I will admit up front this book is out of my normal genre range but I will also admit to enjoying it quite a lot. One thing you need to keep in mind is that this is a book about second chances and pretty much everyone gets that second chance here but if you’re willing to look past a small bit of predictability, Emily and Einstein is a fun read. There are several stories that intermingle and while I would have liked to have learned more about certain characters and their pasts, you don’t really get that but you get enough to know who the people are and appreciate the role they play in Emily’s life. She grows in the course of grieving for her husband and while it doesn’t seem much at first, the new life she creates for herself surprises even her. It’s a feel good story and there’s nothing wrong with that. Also, I’m a sucker for any story that has a lovable, if ugly, dog in it. Einstein plays the part well. If you’re looking for a fun Saturday afternoon read, Emily and Einstein is that book.

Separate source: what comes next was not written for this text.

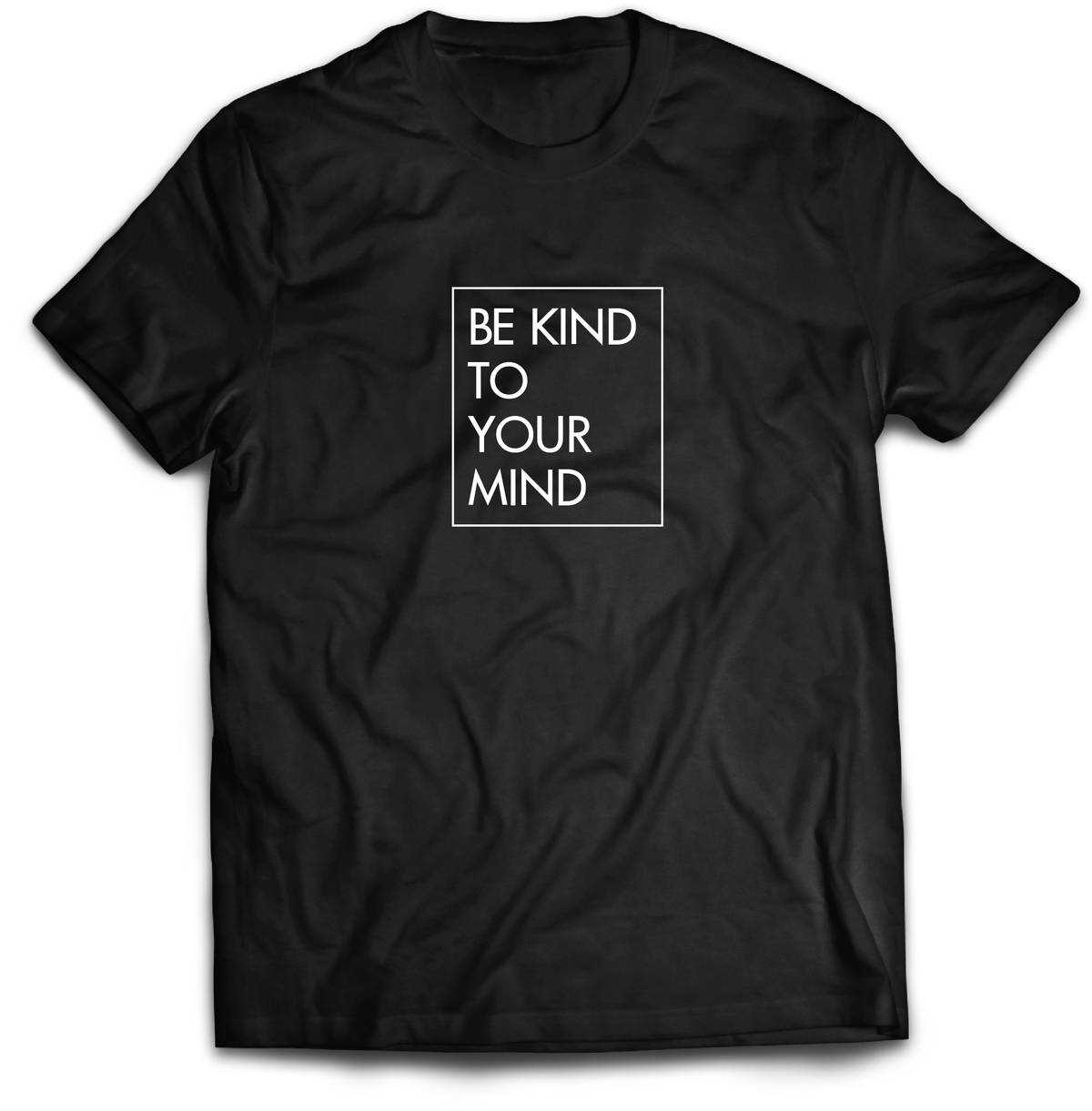 Be Kind to Your Mind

In addition to this blog, I also do reviews for The Book Reporter website. The above review was done for the Book Reporter which can be found here. The book was provided to me by the publisher.

Review – The Hard Way

The Hard Way

By Lee Child

Bantam Dell

ISBN:978-0-440-24103-4

4 stars

I’ve read a number of Lee Child’s books and there is one overriding thing I need to remind myself to do each time I start one — forget reality.  Please don’t take this to mean that I don’t like the books, because I do, it’s just that his characters, Jack Reacher in particular, always end up in the craziest situations that a person, a sane person, would have walked away from or never become involved in to begin with.  But, that is what also makes them interesting, so now I just go with the forget all reality tactic and I find enjoy the books much better.

Jack Reacher is back in New York City and spending time in a café drinking coffee, a favorite pastime of his.  One evening, he sees a man get into a car and drive away.  The next day, he’s approached about the small but rather forgettable event and ends up drawn into a kidnapping case that also involves a handful of rouge mercenaries on call for the U.S. government.  Unsure of how to walk away from the group he’s found himself oddly tied to because he can’t be certain that the kidnapped mother and daughter will be safe, he gets drawn deeper into the case and goes out of his way to help rescue two people he’s never met.

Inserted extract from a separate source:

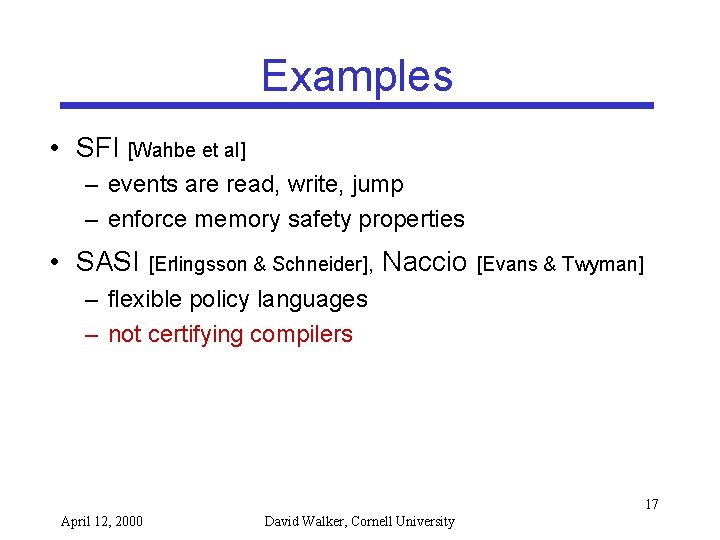 Examples • SFI [Wahbe et al] – events are read, write, jump – enforce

Oh, Reacher, how do you manage to rescue so many people in so short a time?  Also, how is it you manage to always be in the right place when trouble happens?  I want to be annoyed with these books because there is a huge disconnect between what happens and general reality (You know, reality for normal people.) but I can’t be.  Once I let go and fall into these books, I can’t help it, I’m stuck until I find out that Reacher has managed to save someone, stop something from blowing up, or just save the world in general.  I’m not a thriller reader either but these books put me into some sort of catatonic reading mode and I have to finish and find out that everything has worked out fine in the end.  I say that because everything always works out fine in the end.  At least that’s been the case for the books I’ve read in the Reacher series.

A co-worker of mine lends these books to me and I’ll admit there have been a few bombs along the way but for the most part, I enjoy them.  They’re one off books which can be read in one sitting and you don’t have to have read them in any sort of order to understand the plot.  By the way, the plot is pretty much always the same — something bad happens, Reacher shows up, saves the day.  These are books you pull out on a rainy or slow day and you just read.  You’ll be entertained by the end and glad that a co-worker loaned you that book.  You’ll also be tempted to write something nice about their sharing abilities so they loan you more.